* [Task item]
Output must consist only of the lines of the material below from the one with "Брюки женские Брюки женские" through the one with "440 Elm Drive", each reproduced exactly; no pictures belong in it.

* [Data for analysis]
+--

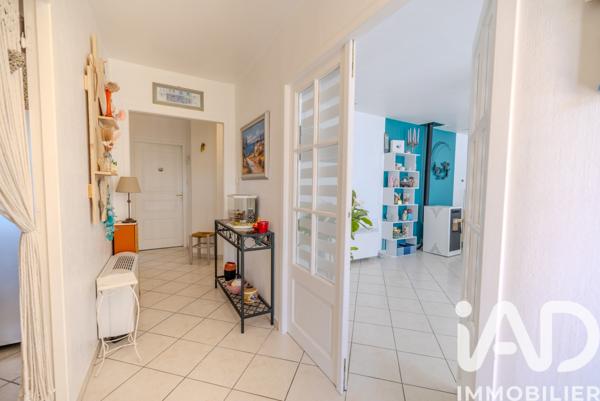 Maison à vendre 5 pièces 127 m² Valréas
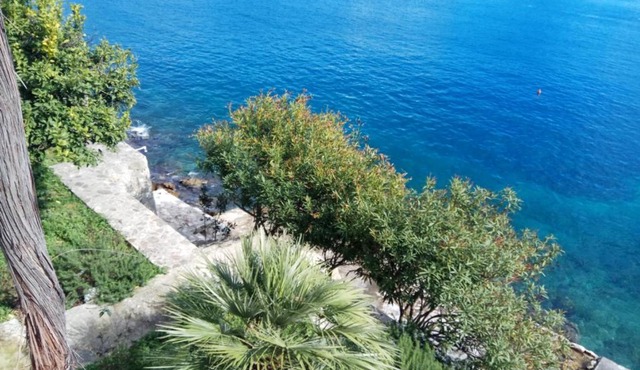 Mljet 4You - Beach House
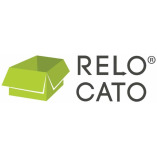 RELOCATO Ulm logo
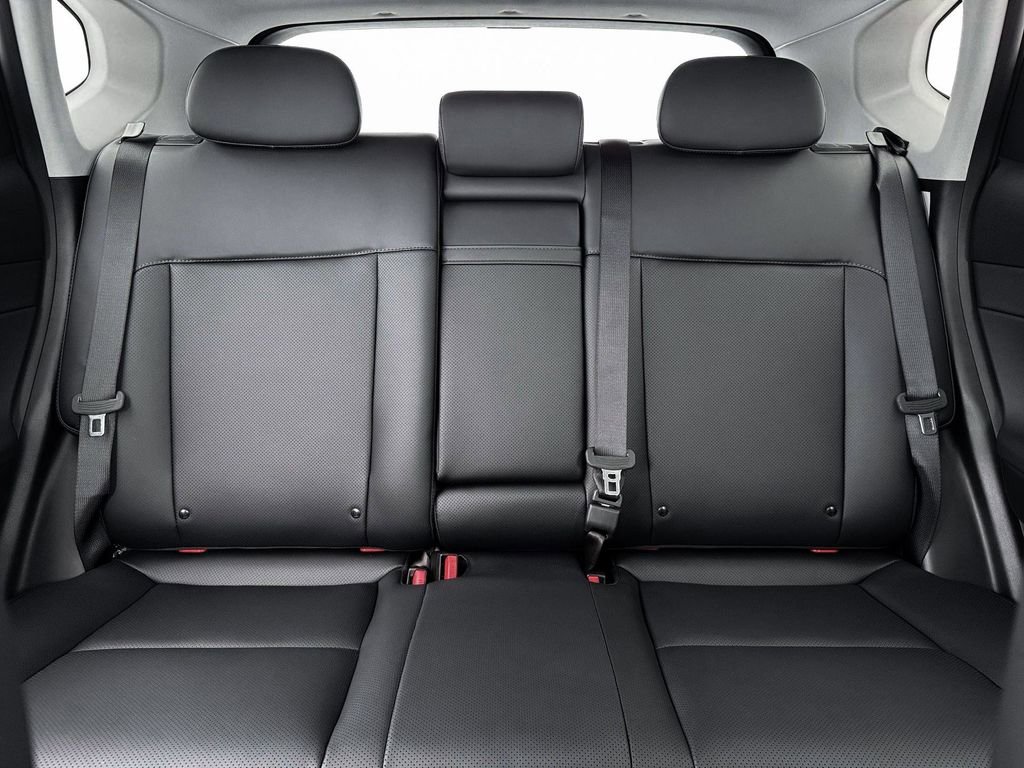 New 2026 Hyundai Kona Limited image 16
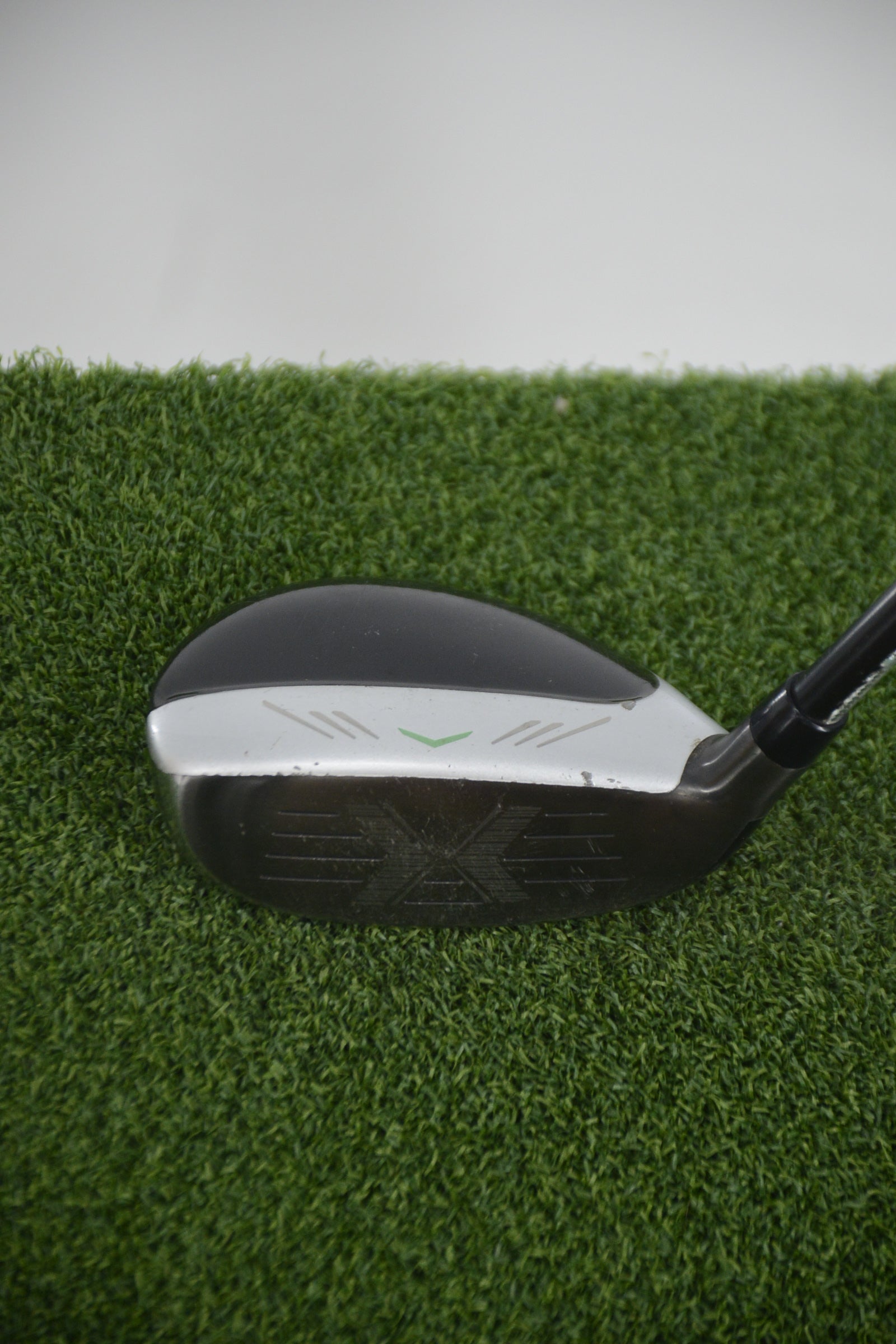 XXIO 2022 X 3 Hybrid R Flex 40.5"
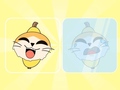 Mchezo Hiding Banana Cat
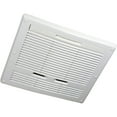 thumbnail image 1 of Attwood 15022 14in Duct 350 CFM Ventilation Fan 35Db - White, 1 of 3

+--

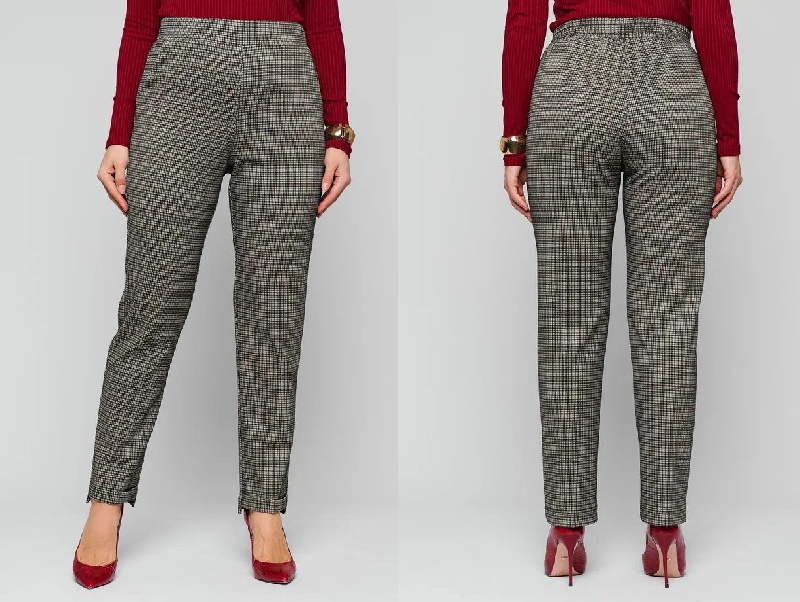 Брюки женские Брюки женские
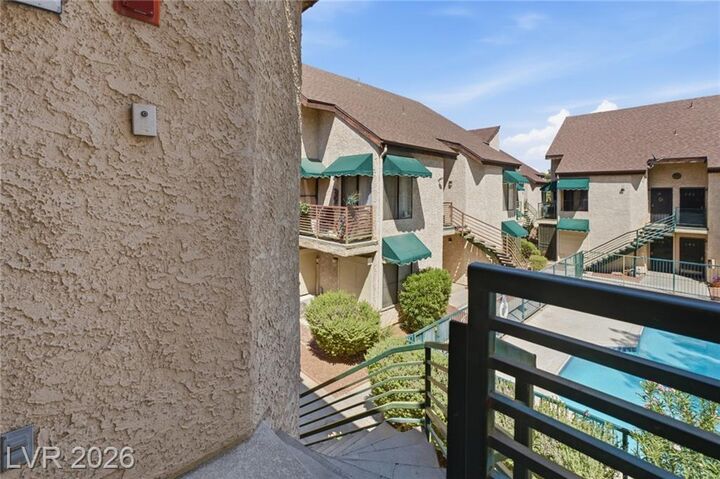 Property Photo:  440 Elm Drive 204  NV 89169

+--

* [Expected answer]
 Брюки женские Брюки женские
 Property Photo:  440 Elm Drive 204  NV 89169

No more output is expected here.